Short web captions:

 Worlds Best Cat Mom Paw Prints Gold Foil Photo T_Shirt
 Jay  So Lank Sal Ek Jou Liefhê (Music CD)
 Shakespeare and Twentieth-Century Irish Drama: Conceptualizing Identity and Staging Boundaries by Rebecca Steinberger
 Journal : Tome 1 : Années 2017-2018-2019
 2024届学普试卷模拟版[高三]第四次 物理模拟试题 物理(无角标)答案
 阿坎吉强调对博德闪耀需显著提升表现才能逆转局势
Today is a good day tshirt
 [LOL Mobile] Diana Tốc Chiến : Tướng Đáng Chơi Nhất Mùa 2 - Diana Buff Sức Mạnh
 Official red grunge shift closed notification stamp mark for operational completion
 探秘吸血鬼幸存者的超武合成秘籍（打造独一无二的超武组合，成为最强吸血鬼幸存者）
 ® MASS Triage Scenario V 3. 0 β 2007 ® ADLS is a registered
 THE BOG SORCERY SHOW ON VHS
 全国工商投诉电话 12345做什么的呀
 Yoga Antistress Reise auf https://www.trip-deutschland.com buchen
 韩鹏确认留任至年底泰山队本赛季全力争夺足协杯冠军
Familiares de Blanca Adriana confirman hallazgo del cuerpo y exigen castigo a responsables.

WORK REQUIRED: What you return should be the lines from the start of the data through the line with "全国工商投诉电话 12345做什么的呀", quoted exactly and nothing more.

RESPONSE AREA:
 Worlds Best Cat Mom Paw Prints Gold Foil Photo T_Shirt
 Jay  So Lank Sal Ek Jou Liefhê (Music CD)
 Shakespeare and Twentieth-Century Irish Drama: Conceptualizing Identity and Staging Boundaries by Rebecca Steinberger
 Journal : Tome 1 : Années 2017-2018-2019
 2024届学普试卷模拟版[高三]第四次 物理模拟试题 物理(无角标)答案
 阿坎吉强调对博德闪耀需显著提升表现才能逆转局势
Today is a good day tshirt
 [LOL Mobile] Diana Tốc Chiến : Tướng Đáng Chơi Nhất Mùa 2 - Diana Buff Sức Mạnh
 Official red grunge shift closed notification stamp mark for operational completion
 探秘吸血鬼幸存者的超武合成秘籍（打造独一无二的超武组合，成为最强吸血鬼幸存者）
 ® MASS Triage Scenario V 3. 0 β 2007 ® ADLS is a registered
 THE BOG SORCERY SHOW ON VHS
 全国工商投诉电话 12345做什么的呀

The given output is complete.